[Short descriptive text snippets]
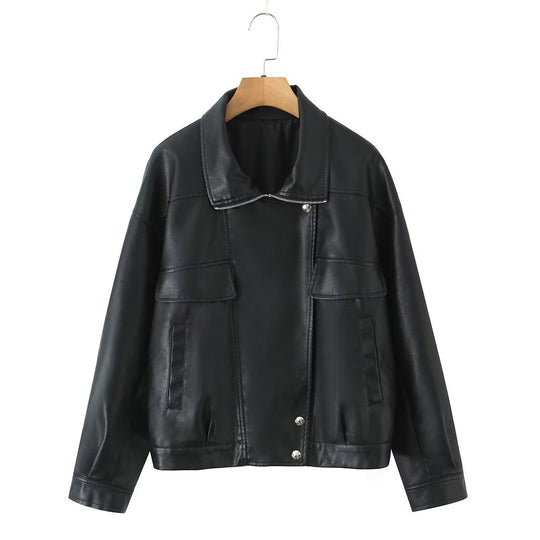 Damen Kunstlederjacke mit lässigem Schnitt und praktischen Taschen EB
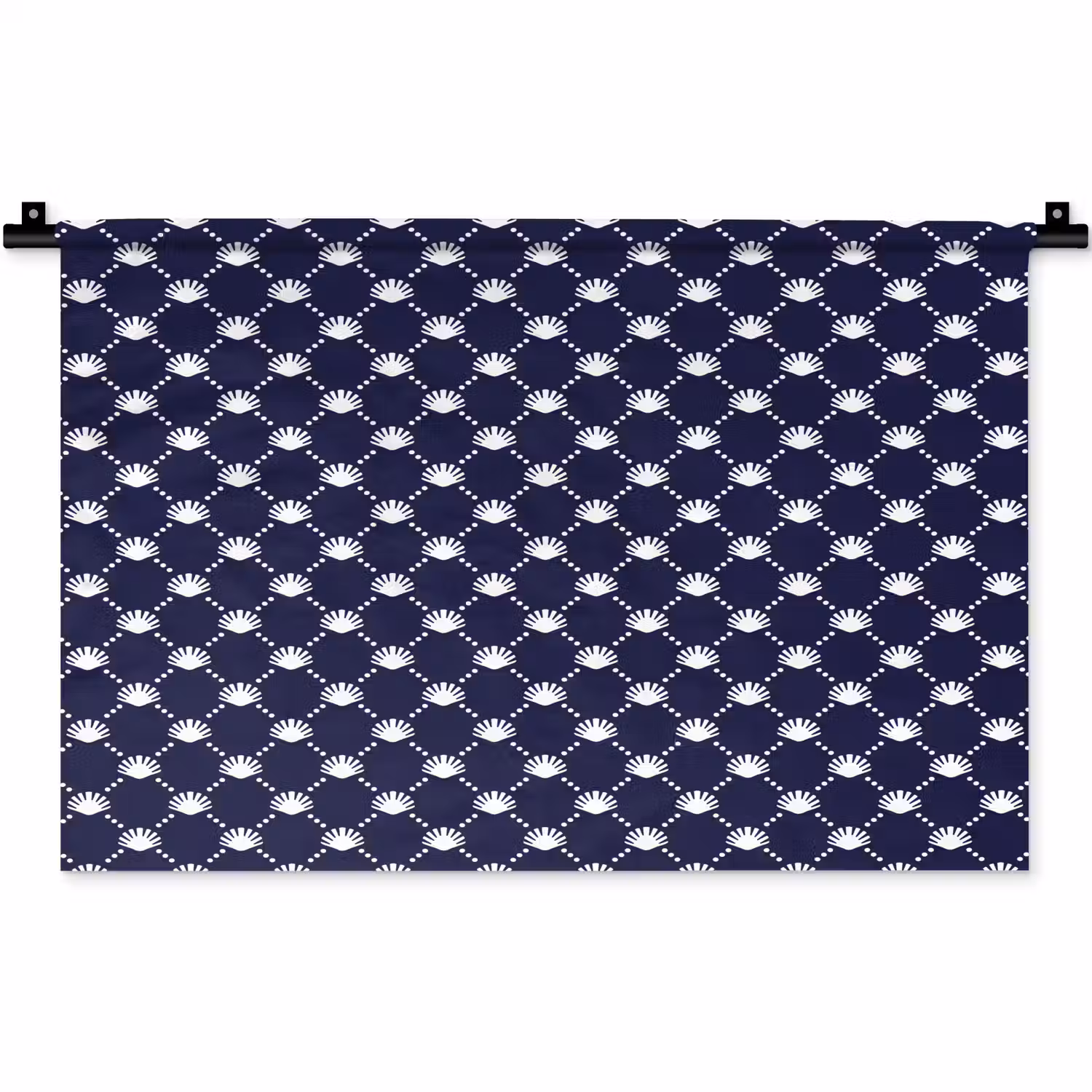 Oceaan - Schelp - Blauw - Wit Wandkleed katoen klein 269 -zz3d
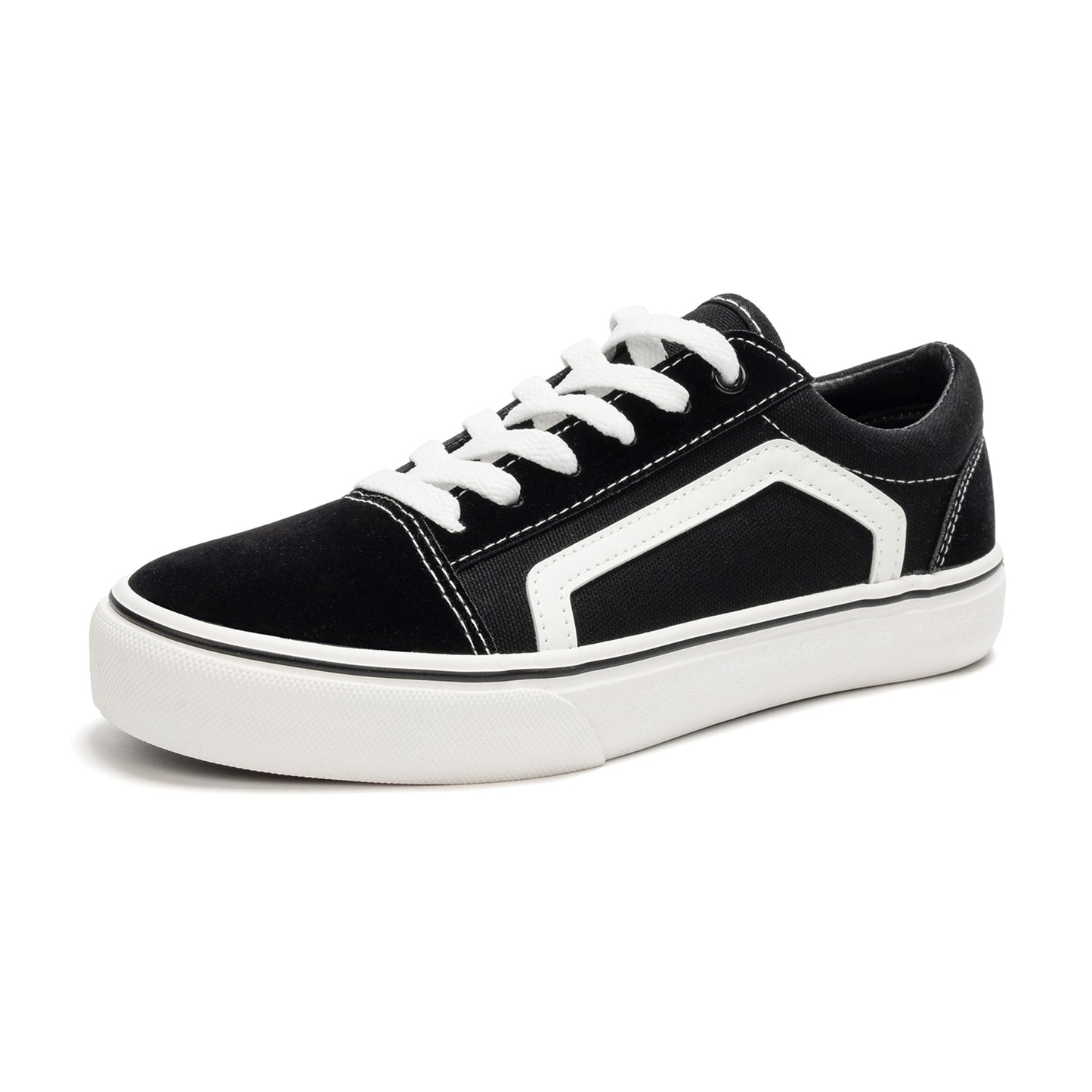 Women's Canvas Sneakers Faux Leather Low Top Casual Walking Shoes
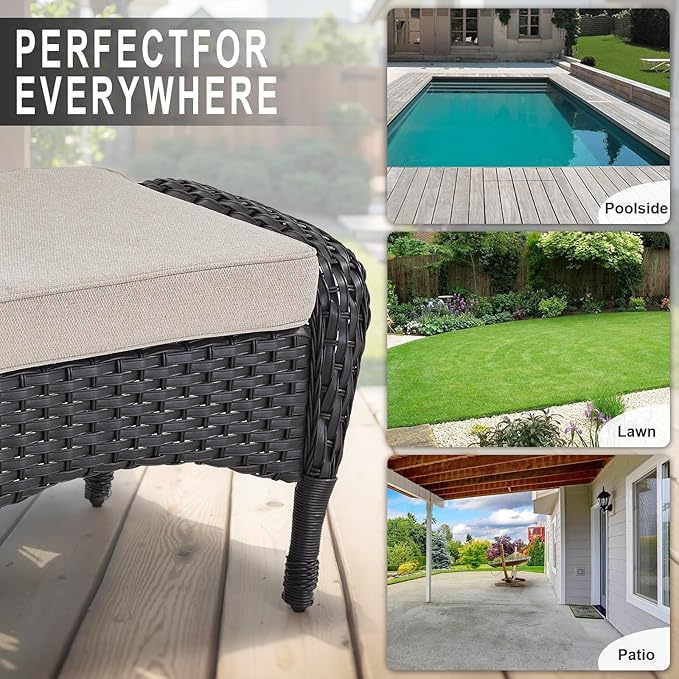 Belord Outdoor Ottomans for Patio Foot Rest - 25 Inch PE Wicker Foot Stool Set of 2 with Removable Cushions for Patio Furniture Sets,All Weather Rattan Ottoman for Balcony Deck Backyard Black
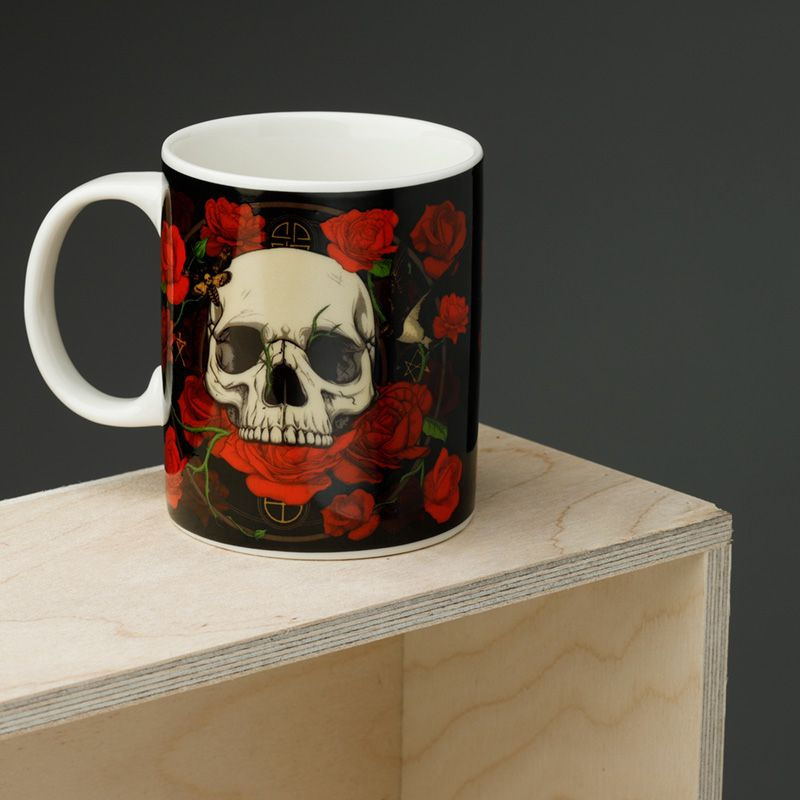 Mug Tasse en Porcelaine  Skulls and Roses - Crânes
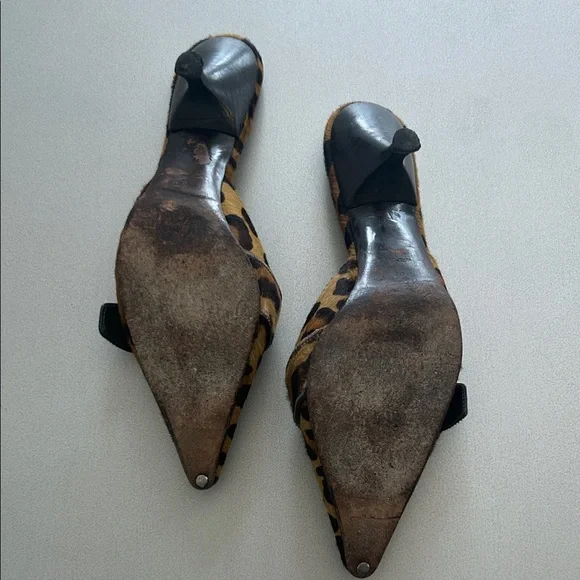 Prada Animal Print Buckle Mules - Picture 2 of 5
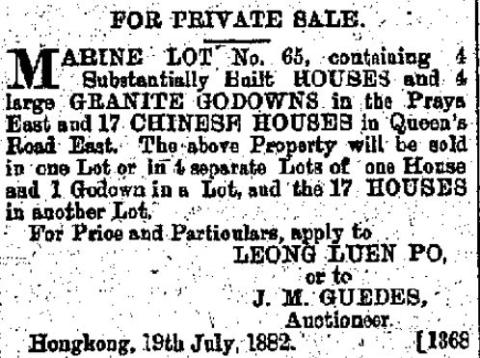 1882 "For Sale" - Blue Buildings & Godowns & 17 Chinese Houses on QRE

Work to complete: Those lines of the records above that run from the one containing "Women's Canvas Sneakers" through the one containing "Belord Outdoor Ottomans" should be returned exactly, with no pictures among them.

Reply to the exercise:
 Women's Canvas Sneakers Faux Leather Low Top Casual Walking Shoes
 Belord Outdoor Ottomans for Patio Foot Rest - 25 Inch PE Wicker Foot Stool Set of 2 with Removable Cushions for Patio Furniture Sets,All Weather Rattan Ottoman for Balcony Deck Backyard Black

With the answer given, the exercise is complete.